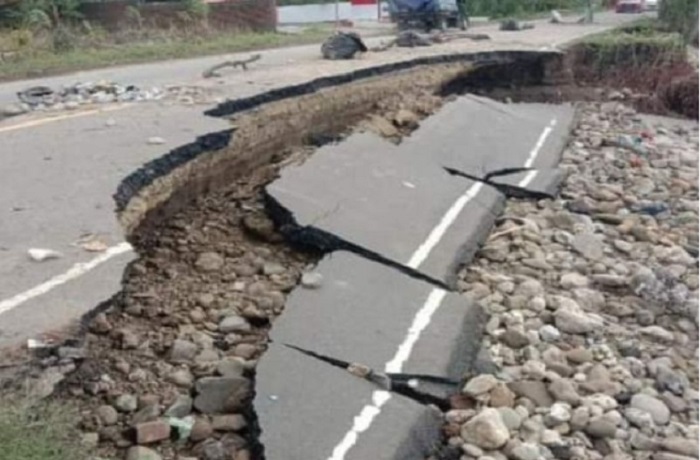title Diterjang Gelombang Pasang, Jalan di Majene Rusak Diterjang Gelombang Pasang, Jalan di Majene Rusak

-*-

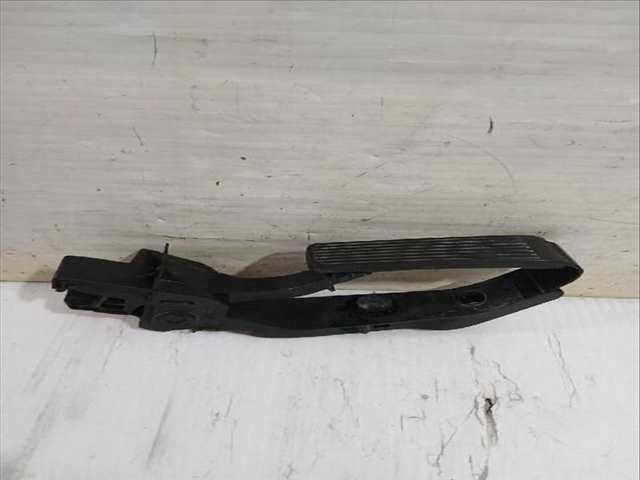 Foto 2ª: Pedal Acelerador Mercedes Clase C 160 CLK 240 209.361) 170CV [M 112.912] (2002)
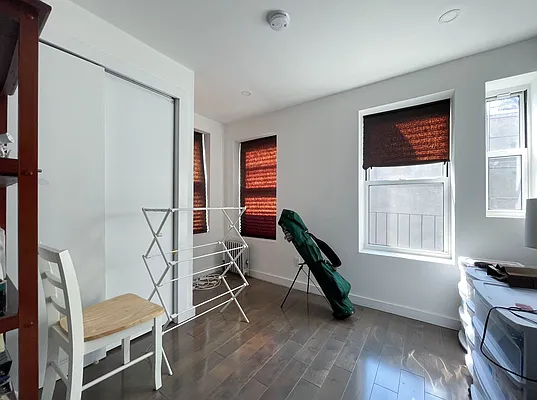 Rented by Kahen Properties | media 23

-*-

Having found the line with "Foto 2ª: Pedal" and the line with "Rented by Kahen Properties | media 23" in the material above, write out exactly those two and every line between, leaving the pictures out.

 Foto 2ª: Pedal Acelerador Mercedes Clase C 160 CLK 240 209.361) 170CV [M 112.912] (2002)
 Rented by Kahen Properties | media 23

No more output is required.